Dogs are pack animals. They thrive when given a chance to interact within a pack, so when they reach the off-leash park, they practically explode with enthusiasm. Yay! Time to play!
But who are those other dogs romping freely around the park? How can you be sure they are fully immunized, flea-free and friendly?
Contrary to popular belief, a pooch who’s wagging his tail at you isn’t saying, “I’m friendly; come play with me.” He’s saying, “Sure, I’ll engage.” “Engage in what?” is an important question. If he’s stiff and staring directly at your dog, you should know it’s probably not his intention to play nice. And what happens when a dog becomes so aroused he slips into his limbic brain where he is so consumed by his instincts he is incapable of hearing his owner call him?
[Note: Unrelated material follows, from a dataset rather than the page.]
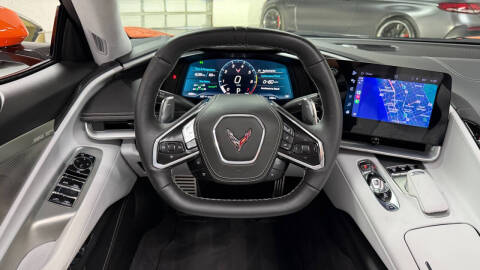 2024 Chevrolet Corvette Stingray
Even the gentlest of dogs can suddenly launch into a deadly dogfight with very little warning.
(Useful tidbits: In the dog world, it’s rude to look directly into a dog’s eyes before you’ve gotten to know him; it’s disrespectful to pat him on the head, and bending over him to do so is considered aggressive.)
Doggy Daycare offers dogs a fun environment where supervised safe socialization and exercise fill their days, and free play and free napping – alongside dogs who have been screened for both personality and health – provide a realistic pack experience while taking the guilt, chewed Jimmy Choos, and wet spots on the carpet out of their owners’ lives.